Late last year, the U.S. government lowered the federal tax rate for corporations from 35 to 21 percent.
In a filing this week with the Public Utilities Commission of Ohio (PUCO), Dayton Power & Light (DP&L) took issue with how the matter was handled at a PUCO hearing in July, saying the focus should be whether utilities should have to lower their rates after the tax cut, not how rates should be lowered.
A group of Ohio manufacturers disagreed with DP&L, saying in its own filing this week that the PUCO “has been clear that this proceeding does not pose a question of whether regulated public utilities will pass the benefits resulting from the Tax Cuts and Jobs Act of 2017 … on to customers, but how and when those benefits will be returned to customers.”

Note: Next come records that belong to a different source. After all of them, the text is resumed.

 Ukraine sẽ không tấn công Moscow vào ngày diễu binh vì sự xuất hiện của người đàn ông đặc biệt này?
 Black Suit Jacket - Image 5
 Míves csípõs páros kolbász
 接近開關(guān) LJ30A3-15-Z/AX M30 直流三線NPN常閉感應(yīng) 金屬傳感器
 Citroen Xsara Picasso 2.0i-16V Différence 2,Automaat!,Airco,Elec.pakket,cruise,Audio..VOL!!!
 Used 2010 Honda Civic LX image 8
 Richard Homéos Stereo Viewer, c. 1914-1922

The Ohio Manufacturers Association Energy Group thinks electric bills need to be lower, arguing that rates were set with the earlier 35 percent federal tax rate in mind.

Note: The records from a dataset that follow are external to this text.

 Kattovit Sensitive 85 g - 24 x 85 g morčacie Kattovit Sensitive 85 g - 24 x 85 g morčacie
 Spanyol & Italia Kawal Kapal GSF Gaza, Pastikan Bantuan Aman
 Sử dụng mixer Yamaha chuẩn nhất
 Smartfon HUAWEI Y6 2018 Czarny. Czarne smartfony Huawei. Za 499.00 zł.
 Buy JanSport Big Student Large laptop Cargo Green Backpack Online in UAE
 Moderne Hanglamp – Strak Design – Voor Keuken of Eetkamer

“Now, under the (federal tax cut), each utility is collecting the same amount from customers, but doing so while paying significantly less to the federal government for income tax,” the association said in its Aug. 13 filing.
Ohio grocer Kroger agreed.
“The utilities are currently collecting rates from customers based on an assumption that the federal corporate income tax rate is still 35 percent,” Kroger said in its filing to the PUCO.

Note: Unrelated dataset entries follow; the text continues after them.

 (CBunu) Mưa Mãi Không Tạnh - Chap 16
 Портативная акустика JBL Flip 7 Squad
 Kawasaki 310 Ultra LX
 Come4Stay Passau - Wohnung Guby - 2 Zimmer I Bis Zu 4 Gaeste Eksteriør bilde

When the PUCO first raised the idea of lowering electric rates earlier this year, Ohio utilities — including DP&L, FirstEnergy, American Electric Power and Duke Energy — objected that lowering rates now would amount to “retroactive rate-making.”
In its own recent filing, American Electric Power argues that the PUCO “is not permitted to unilaterally engage in single-issue ratemaking or change base rates without following the statutory process.”
The Ohio Consumers Counsel has argued that electric rates should be cheaper.
“Some Ohio utilities are trying to turn this into an opportunity to enrich their shareholders by keeping the tax savings for themselves,” the counsel’s office said in its Aug. 13 brief.
In June DP&L said it had filed a stipulation on its electric distribution rates case with the PUCO, which was signed by 15 parties and PUCO staff.
If the stipulation is approved by the PUCO, the average residential customer in DP&L’s service area, using 1,000 kWh on DP&L’s “standard service” offer, can expect a monthly bill increase of $2.64.
DP&L said the distribution rates reflected the new tax rates.